━━ INFORMATION SUPPLIED ━━
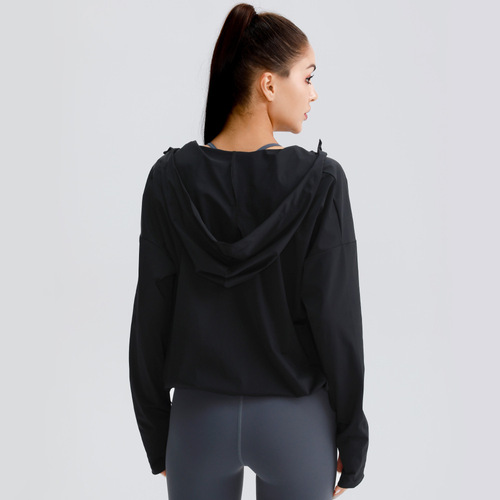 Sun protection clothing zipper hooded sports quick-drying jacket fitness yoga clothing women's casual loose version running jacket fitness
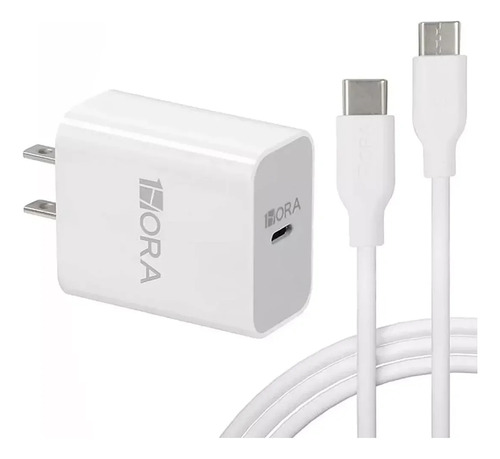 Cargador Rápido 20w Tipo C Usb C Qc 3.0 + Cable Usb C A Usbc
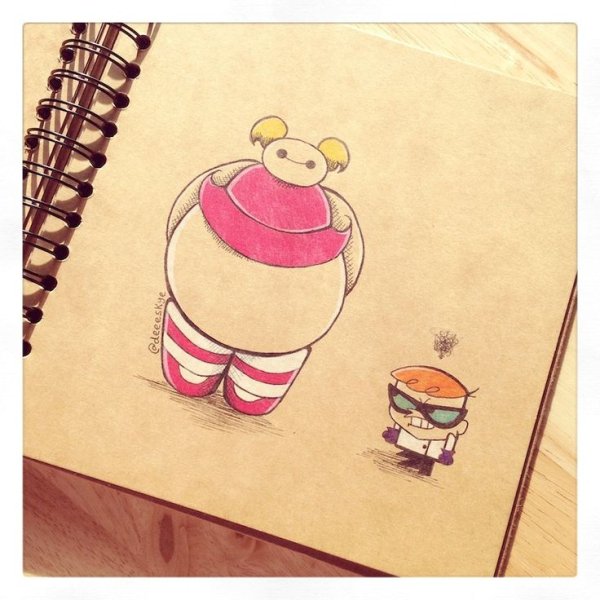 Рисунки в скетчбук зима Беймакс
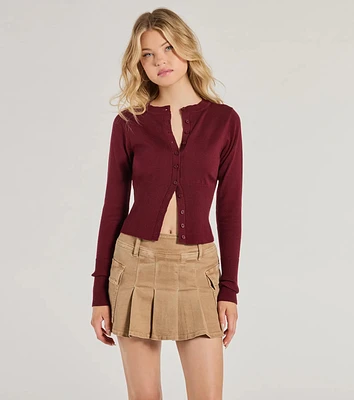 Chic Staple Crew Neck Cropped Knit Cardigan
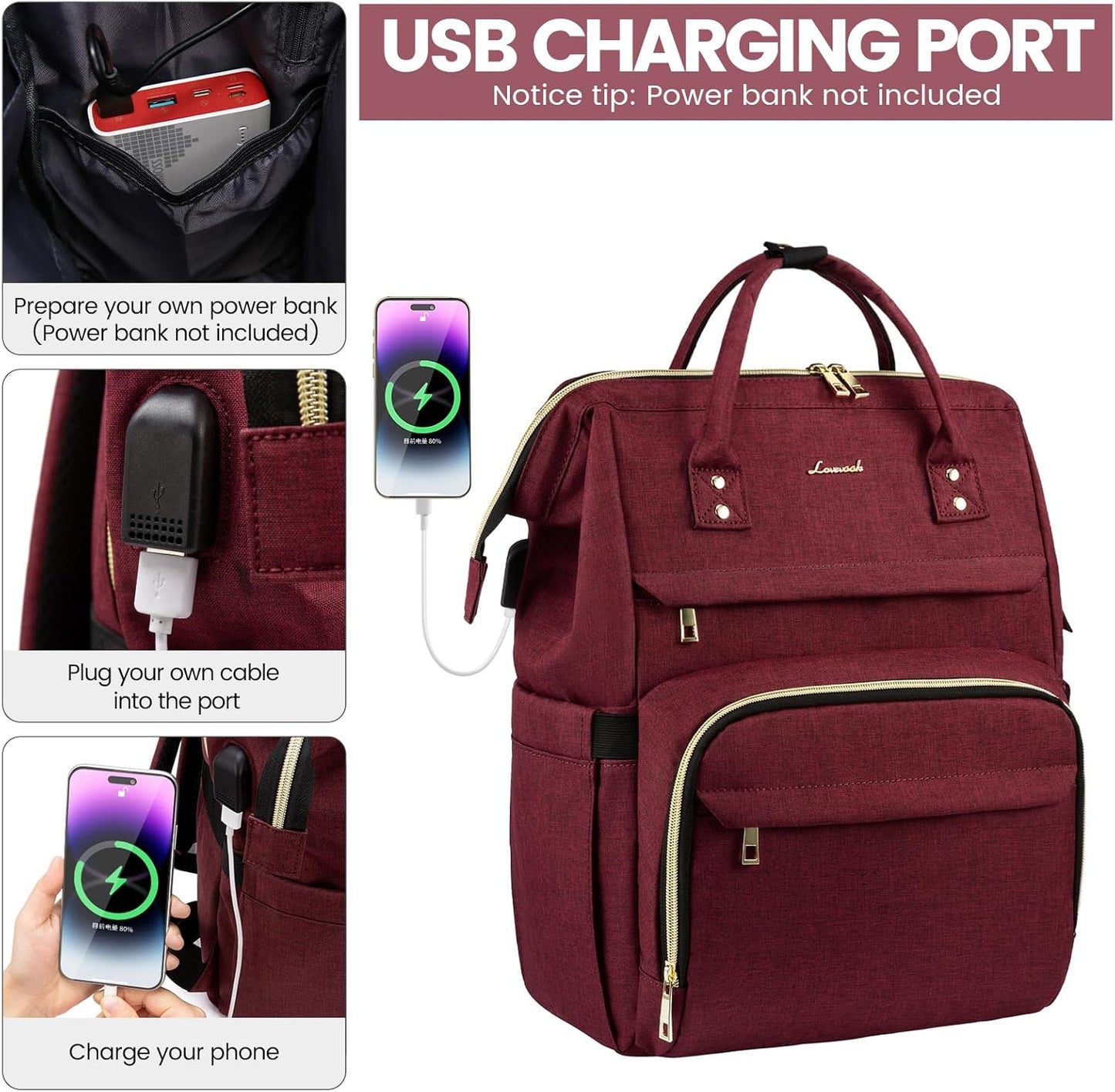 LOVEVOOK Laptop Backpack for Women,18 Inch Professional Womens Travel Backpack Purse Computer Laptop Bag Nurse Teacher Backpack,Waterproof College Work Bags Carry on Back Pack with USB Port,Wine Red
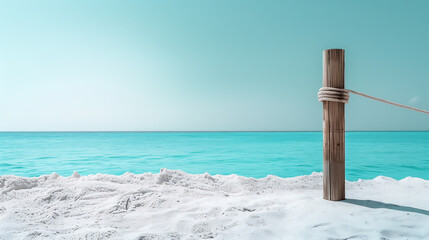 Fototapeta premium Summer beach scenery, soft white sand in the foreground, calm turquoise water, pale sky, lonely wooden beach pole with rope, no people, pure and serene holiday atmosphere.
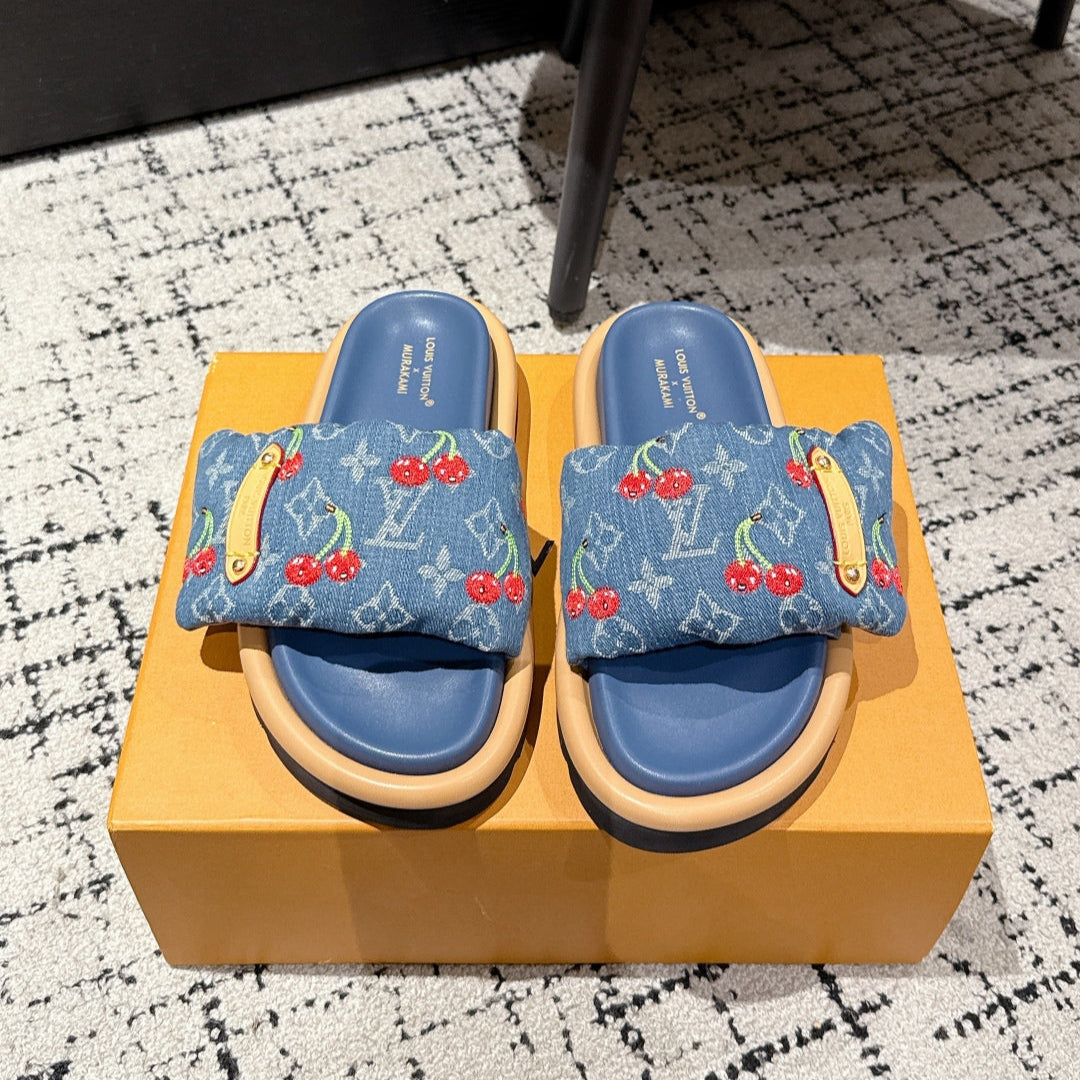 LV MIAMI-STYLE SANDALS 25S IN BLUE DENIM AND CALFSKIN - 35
━━━
== PROBLEM DETAILS ==
What is needed is an exact copy of the lines from the start of the listing above through the line that holds "Chic Staple Crew Neck Cropped Knit Cardigan", with the pictures left out.

== OUTPUT ==
 Sun protection clothing zipper hooded sports quick-drying jacket fitness yoga clothing women's casual loose version running jacket fitness
 Cargador Rápido 20w Tipo C Usb C Qc 3.0 + Cable Usb C A Usbc
 Рисунки в скетчбук зима Беймакс
 Chic Staple Crew Neck Cropped Knit Cardigan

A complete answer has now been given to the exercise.